Notes From Afield

AWS EKS Auto Mode and EBS CSI Driver Topology Issues

I just found something really interesting out regarding AWS EKS Auto Mode and the EBS CSI Driver. I deployed EKS Auto Mode and used the Add On made available to provision the EBS CSI Driver with EKS Pod Identity.

I spent way too many hours rebuilding clusters, tweaking things, playing with IAM Roles, removing and re-adding Add Ons. I was going crazy.
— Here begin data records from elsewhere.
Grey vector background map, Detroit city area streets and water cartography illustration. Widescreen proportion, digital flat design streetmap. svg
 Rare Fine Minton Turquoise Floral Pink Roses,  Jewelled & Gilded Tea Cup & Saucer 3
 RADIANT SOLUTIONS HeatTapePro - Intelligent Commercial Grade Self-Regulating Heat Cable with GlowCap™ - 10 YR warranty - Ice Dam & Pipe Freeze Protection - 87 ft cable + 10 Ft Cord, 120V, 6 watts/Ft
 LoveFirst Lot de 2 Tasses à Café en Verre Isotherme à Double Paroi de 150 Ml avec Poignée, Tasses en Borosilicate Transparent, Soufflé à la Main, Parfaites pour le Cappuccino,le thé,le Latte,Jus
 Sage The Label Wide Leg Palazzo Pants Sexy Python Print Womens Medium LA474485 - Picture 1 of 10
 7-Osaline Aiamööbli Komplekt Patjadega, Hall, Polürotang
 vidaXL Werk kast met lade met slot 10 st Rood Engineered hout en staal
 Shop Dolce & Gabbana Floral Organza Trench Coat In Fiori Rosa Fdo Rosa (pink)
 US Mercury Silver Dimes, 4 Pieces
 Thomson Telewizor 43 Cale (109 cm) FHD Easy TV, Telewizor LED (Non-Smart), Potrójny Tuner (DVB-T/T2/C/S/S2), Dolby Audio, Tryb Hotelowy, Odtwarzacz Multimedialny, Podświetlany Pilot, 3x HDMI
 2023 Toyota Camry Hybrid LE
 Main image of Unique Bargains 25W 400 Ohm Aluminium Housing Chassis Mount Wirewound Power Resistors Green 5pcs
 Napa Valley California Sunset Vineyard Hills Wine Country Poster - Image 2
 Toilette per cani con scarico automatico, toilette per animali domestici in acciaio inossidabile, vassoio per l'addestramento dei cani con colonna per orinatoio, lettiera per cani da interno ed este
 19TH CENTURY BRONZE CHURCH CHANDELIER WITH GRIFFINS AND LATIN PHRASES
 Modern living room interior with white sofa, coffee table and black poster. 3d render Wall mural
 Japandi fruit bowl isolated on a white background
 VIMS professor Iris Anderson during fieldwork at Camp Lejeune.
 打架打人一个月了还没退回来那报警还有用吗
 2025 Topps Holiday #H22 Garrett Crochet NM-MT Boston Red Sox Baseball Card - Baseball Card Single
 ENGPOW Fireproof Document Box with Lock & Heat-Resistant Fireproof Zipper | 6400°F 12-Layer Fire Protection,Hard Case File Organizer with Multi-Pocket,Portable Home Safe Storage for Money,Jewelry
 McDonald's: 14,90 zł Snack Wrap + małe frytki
Not gonna lie I started by using ChatGPT. In an effort to be extremely thorough I started putting everything through the wringer, including the recommended Policy and Trust relationships for the Add-Ons. For the EBS CSI Driver role ChatGPT had an aha moment looking at the Trust relationship. What starts as below is wrong:

{
    "Version": "2012-10-17",
    "Statement": [
        {
            "Effect": "Allow",
            "Principal": {
                "Service": "pod.eks.amazonaws.com"
            },
            "Action": [
                "sts:AssumeRole",
                "sts:TagSession"
            ]
        }
    ]
}

In fact the Service should be "Service": "eks.amazonaws.com"

This got me closer, but I wasn’t done.Frustrated I could not get a PVC to provision a PV successfully and had all manner of errors realted to topology problems. Relevant message from the kubernetes API was:

failed to provision volume with StorageClass "gp2": error generating accessibility requirements: no topology key found on CSINode i-02515766f5107ad3b

Then I found an AWS example for this and they used a different StorageClass that looks like:

apiVersion: storage.k8s.io/v1
kind: StorageClass
metadata:
  name: auto-ebs-sc
  annotations:
    storageclass.kubernetes.io/is-default-class: "true"
provisioner: ebs.csi.eks.amazonaws.com
volumeBindingMode: WaitForFirstConsumer
parameters:
  type: gp3
  encrypted: "true"

So I deployed this, made it default storageclass, and voila my PVCs started spinning up PVs. Boom. Seems a glaring hole in AWS’s tech right now, though, and I’m surprised I haven’t found more information online regarding this issue. I’m documenting here as much for my own memory as anything else.